=== THE TASK ===
Give the records again word for word. Leave every picture out.

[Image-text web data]
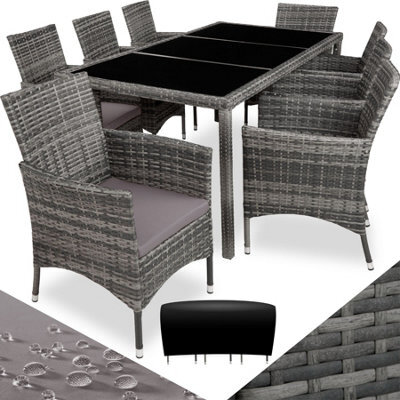 Tectake Garden Furniture Set Almansa - 8 Chairs, Dining Table, With Protective Cover - Mottled Grey/grey - image 1
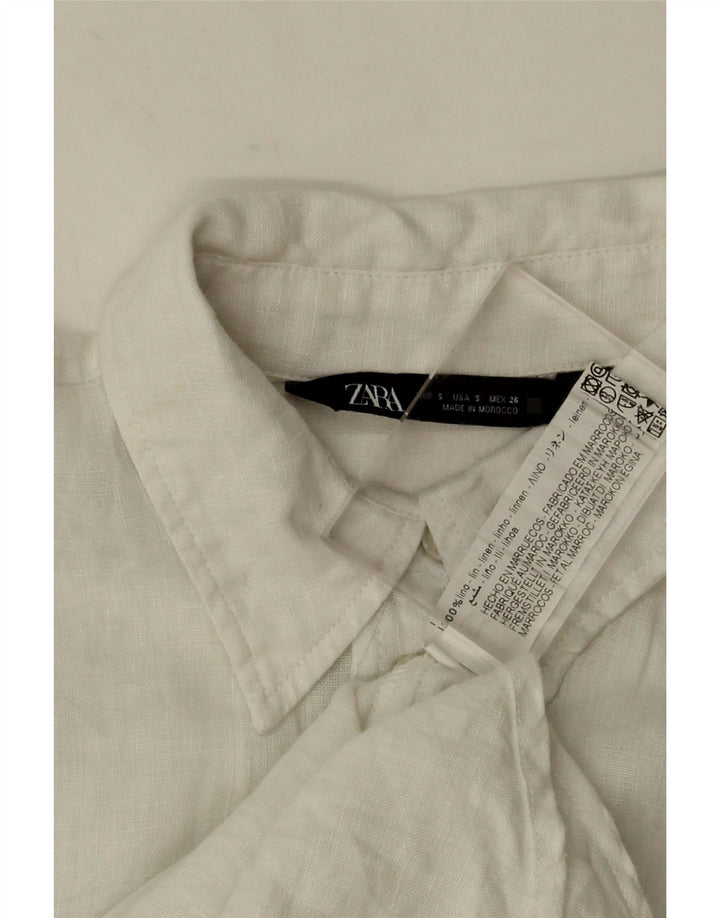 Zara Mujer Camisa Extragrande UK 10 Small Lino Blanco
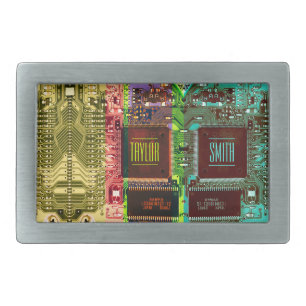 Geek & Glitch printed circuit board robotic Name Belt Buckle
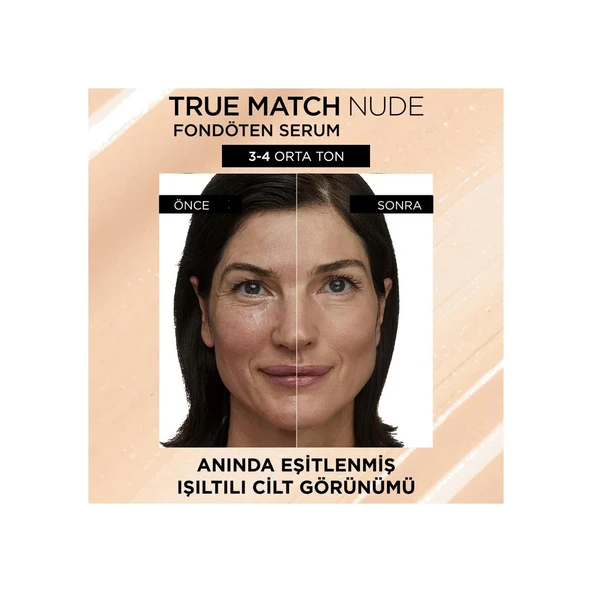 3 Adet Loreal Paris True Match Nude Fondöten Serum 3-4 Light-Medium ve ROSIE - 3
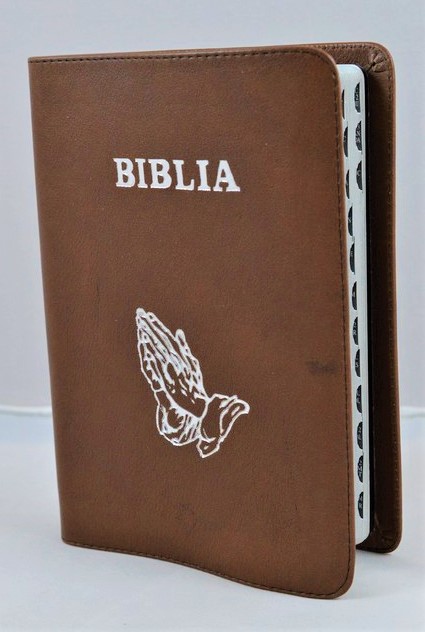 Biblie din piele, marime medie, culoare maro , index, margini argintii, simbol maini, cuv. lui Isus cu rosu [SB 057 PI]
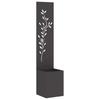 Garden Privacy Screen Floral Black 32 X 32 X 150 Cm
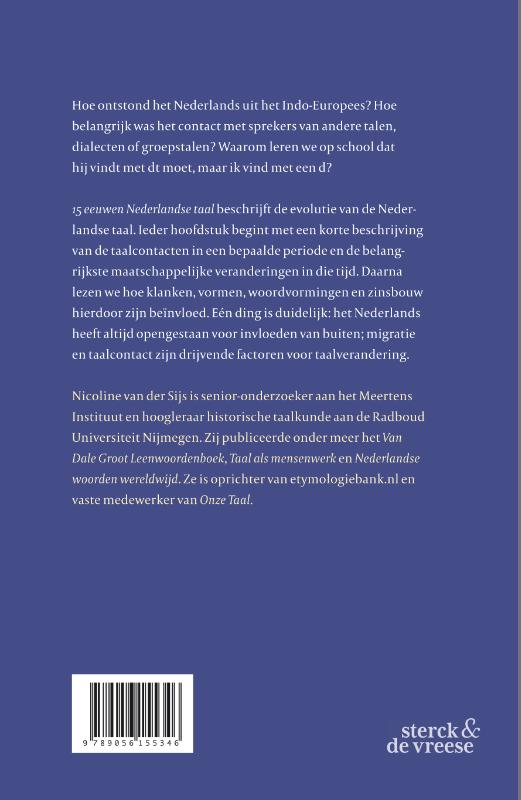 Achterkant van 15 eeuwen Nederlandse taal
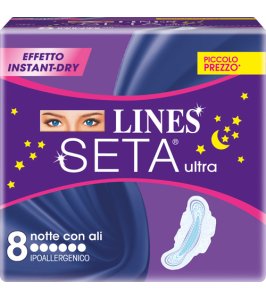 LINES SETA ULTRA ASSORBENTI DA NOTTE 8 PEZZI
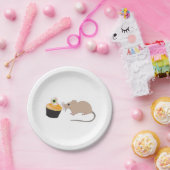 かわいい食べマウスのハロウィーン眼球カップケーキ ペーパープレート (パーティー)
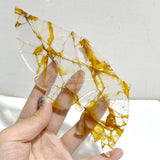 Golden Hematoid Quartz Fire Quartz Butterfly Wing Carving With Stand -Wholesale Crystals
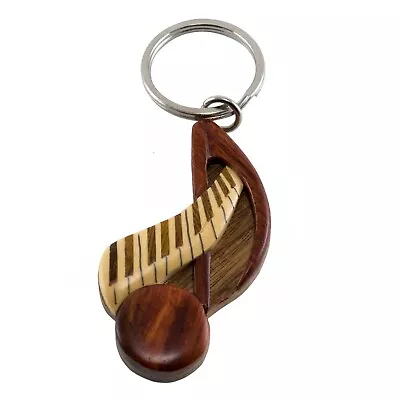 Wood Intarsia Keyboard Musical Note Keychain Key Ring Handcrafted 3  Long New! • $7.50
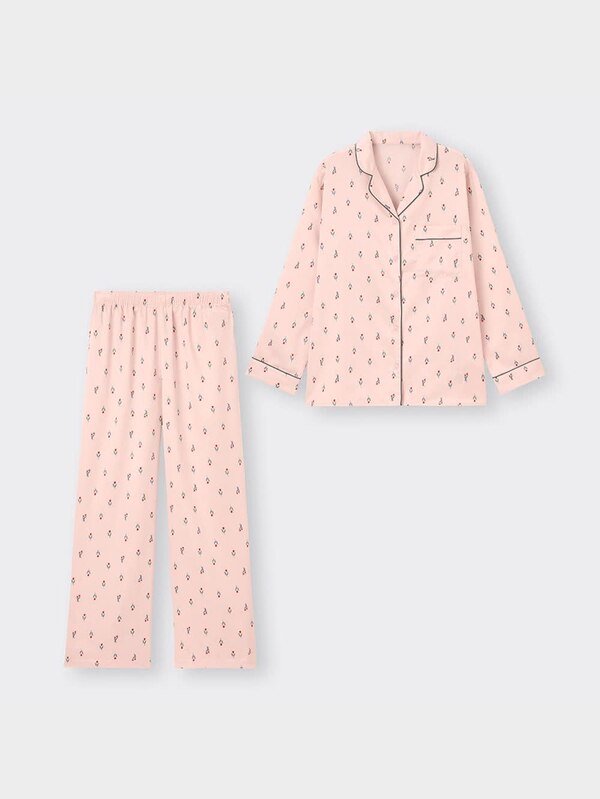 サテンパジャマ(長袖&ロングパンツ)(チューリップ)+X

=== EXERCISE RESULT ===
 Tectake Garden Furniture Set Almansa - 8 Chairs, Dining Table, With Protective Cover - Mottled Grey/grey - image 1
 Zara Mujer Camisa Extragrande UK 10 Small Lino Blanco
 Geek & Glitch printed circuit board robotic Name Belt Buckle
 3 Adet Loreal Paris True Match Nude Fondöten Serum 3-4 Light-Medium ve ROSIE - 3
 Biblie din piele, marime medie, culoare maro , index, margini argintii, simbol maini, cuv. lui Isus cu rosu [SB 057 PI]
 Garden Privacy Screen Floral Black 32 X 32 X 150 Cm
 Achterkant van 15 eeuwen Nederlandse taal
 LINES SETA ULTRA ASSORBENTI DA NOTTE 8 PEZZI
 かわいい食べマウスのハロウィーン眼球カップケーキ ペーパープレート (パーティー)
 Golden Hematoid Quartz Fire Quartz Butterfly Wing Carving With Stand -Wholesale Crystals
 Wood Intarsia Keyboard Musical Note Keychain Key Ring Handcrafted 3  Long New! • $7.50
 サテンパジャマ(長袖&ロングパンツ)(チューリップ)+X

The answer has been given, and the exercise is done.